Yes, we had them for about a week until they evaporated in about three days. We had many on order but the manufaturer shut down production all of a sudden without any warning and our orders were cancelled.

I still have a few on their way but not sure if we can continue if we cannot depend on the supply. A limited supply should be back in stock soon, but we already have three replacement models in testing from hopefully better suppliers. We are also designing our own controller.

It is a shame because these boards work great.


By the way, I am the engineer behind Triaxial Skull Labs.


----------



## Aswrn (Feb 29, 2012)

Hey Homey, will your replacement model that's decided on have an USB connection on the board like the USB-SSC-32 did? Do you have an idea of about when you'll start to offer the new controller once the testing is done.

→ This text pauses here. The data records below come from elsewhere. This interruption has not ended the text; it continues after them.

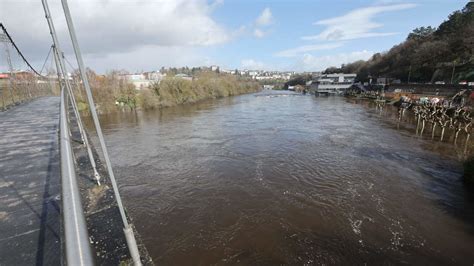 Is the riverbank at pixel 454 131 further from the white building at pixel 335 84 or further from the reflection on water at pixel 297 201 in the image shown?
the white building at pixel 335 84

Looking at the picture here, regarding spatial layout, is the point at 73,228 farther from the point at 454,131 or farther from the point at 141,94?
the point at 141,94

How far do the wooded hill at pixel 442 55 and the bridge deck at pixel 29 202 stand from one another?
6980 centimetres

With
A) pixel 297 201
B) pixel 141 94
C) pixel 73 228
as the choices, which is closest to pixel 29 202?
pixel 73 228

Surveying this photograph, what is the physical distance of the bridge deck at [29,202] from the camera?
328cm

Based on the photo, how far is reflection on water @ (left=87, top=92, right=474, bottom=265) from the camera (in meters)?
8.50

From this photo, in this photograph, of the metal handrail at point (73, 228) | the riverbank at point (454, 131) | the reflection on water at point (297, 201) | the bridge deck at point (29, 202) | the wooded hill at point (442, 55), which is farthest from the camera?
the wooded hill at point (442, 55)

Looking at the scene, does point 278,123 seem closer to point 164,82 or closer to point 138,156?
point 138,156

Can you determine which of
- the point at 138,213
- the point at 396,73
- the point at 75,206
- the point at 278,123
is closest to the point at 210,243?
the point at 138,213

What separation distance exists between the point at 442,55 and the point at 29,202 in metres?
85.6

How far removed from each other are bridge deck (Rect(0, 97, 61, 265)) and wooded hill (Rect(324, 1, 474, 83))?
69.8m

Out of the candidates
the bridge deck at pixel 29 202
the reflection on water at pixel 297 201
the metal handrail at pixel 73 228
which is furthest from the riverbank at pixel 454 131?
the bridge deck at pixel 29 202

Also, while I have your attention, how goes the moving eye kits? Will they be offered soonish?

I ask all this because I'll be starting 2 or 3 skulls from scratch and trying to figure out what’s going on my purchasing list. I'm dead set on your full twisty kit but undecided if I should wait for the eye kits to come out or just buy the skull kits now and get eye kits later.


----------



## HomeyDaClown (Oct 3, 2009)

We are not considering any controller without a USB connection. We are testing USB drivers as well as compatibility with existing SSC32 protocols. No time frame yet. 
I know, I know, everyone wants Homey's eyes....the eyes have it I guess.

Bottom line is that it takes time to get things together, manufacturing, fabrication and assembly, a lot of things fit into the eye puzzle.
I really hate promising dates or sneak previews, especially if I do not have firm dates for any of the above to go on yet. We are just doing the best we can do at this point.


----------



## Aswrn (Feb 29, 2012)

Awesome, I'm going to wait and see what you guys come up with on the controllers then. Unless I'm able to grab one of the limited supply ones you get in. 

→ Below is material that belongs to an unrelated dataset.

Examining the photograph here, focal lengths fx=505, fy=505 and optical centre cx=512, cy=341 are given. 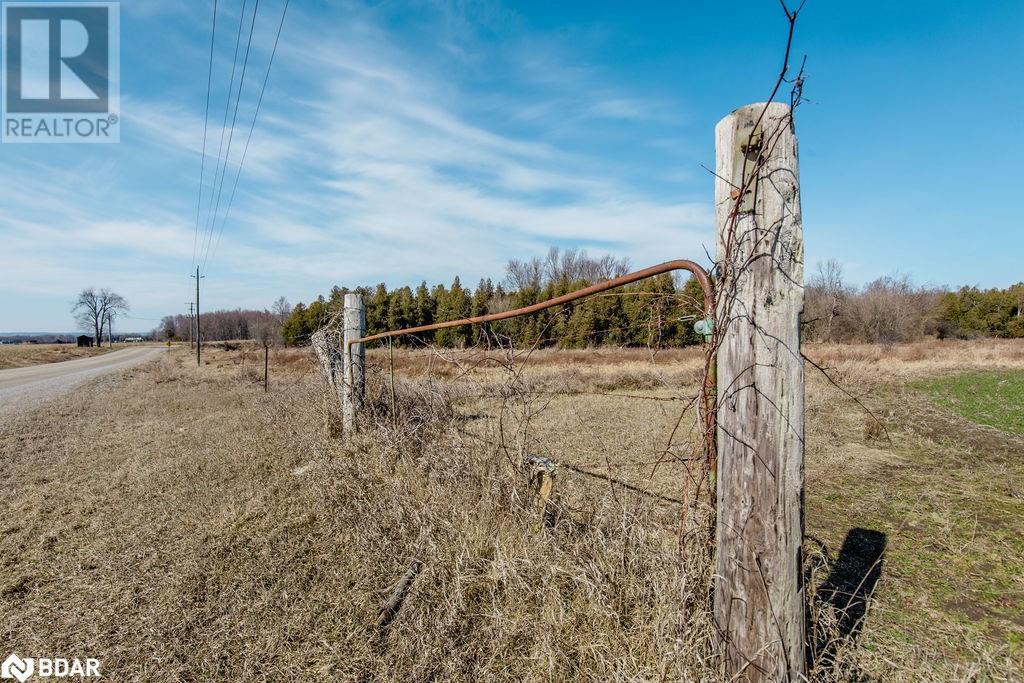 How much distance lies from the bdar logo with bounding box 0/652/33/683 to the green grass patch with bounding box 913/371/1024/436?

Hmm, with what you said about the eye kits, sounds like it might be better for me to just get the skull kits now and then add eyes later on. 

Thanks for getting back to me Homey.


----------



## dionicia (Aug 4, 2007)

I can't wait to see your usb controller. It would be nice if Lyxnmotion did pull the trigger and move over to usb. It would help to save some money.


----------



## bfrd22 (Sep 30, 2011)

All together now HOMEY! .....HOMEY!........ HOMEY!


----------